Feel free to use wheat or spelt but I decided against gluten since I knew there’d be babies there who may not have had wheat introduced into their diets yet. This recipe makes a little over 3 dozen cake pops.
Sift dry ingredients and combine in a bowl. Set aside. In a stand mixer, beat butter and sugar until light and creamy. Slowly incorporate eggs and vanilla. Alternate flour and milk mixture into the butter mixture. Begin and end with flour. Pipe 1 T batter into each pod in the cake pop maker. Bake for 5-6 minutes or until a toothpick inserted into the center comes out clean. About a minute before the cake pops are done, I like to flip them over to get the top half golden brown. Allow to cool thoroughly. Put in the freezer for 15 minutes. Meanwhile, in a double boiler, melt down your chocolate. It’s very helpful to break it up into small pieces first or use something like Dagoba chocodrops and use a deep, narrow bowl. I actually used a tall, skinny mug which worked great. Do not allow the chocolate bowl to directly touch the heat. Once the cake pops are sufficiently firmed up in the freezer, dip about 1/2 inch of the lollipop stick into the melted chocolate and then insert it into the cake pop. This will help it adhere to the lollipop stick. Then dip the entire thing into the chocolate and carefully shake off all excess chocolate. This is a huge pain in the butt especially as the chocolate cools so it’s helpful to keep the chocolate as warm as you can as you dip. You can decorate with sprinkles if you really want to. Organic and natural sprinkles actually exist at Whole Foods in the ice cream section!

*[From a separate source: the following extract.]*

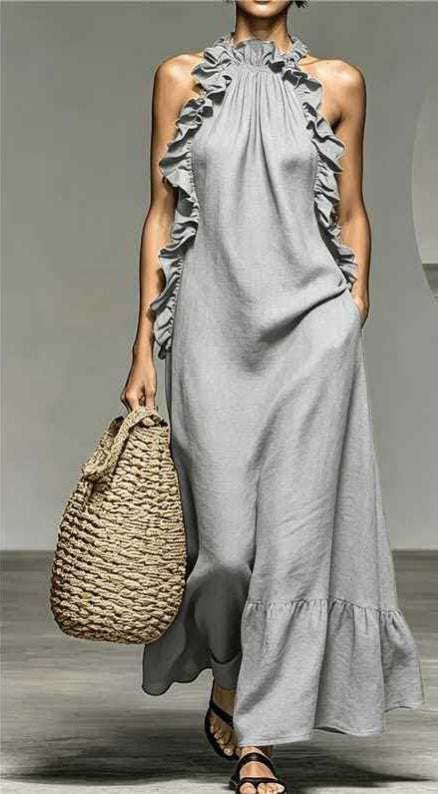 Woman wearing a gray dress holding a woven bag on a neutral background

To display them, what I decided to do was get styrofoam blocks and stack them like what a normal tiered cake might look like. A paste was made with rice flour and water and this was used as glue for decorative paper to cover the styrofoam. It worked relatively well although you can see in the picture that part of it started peeling off but I’d rather it peel off than use 3M styrofoam adhesive which would touch the lollipop sticks which would then go directly into a kid’s mouth. No thanks.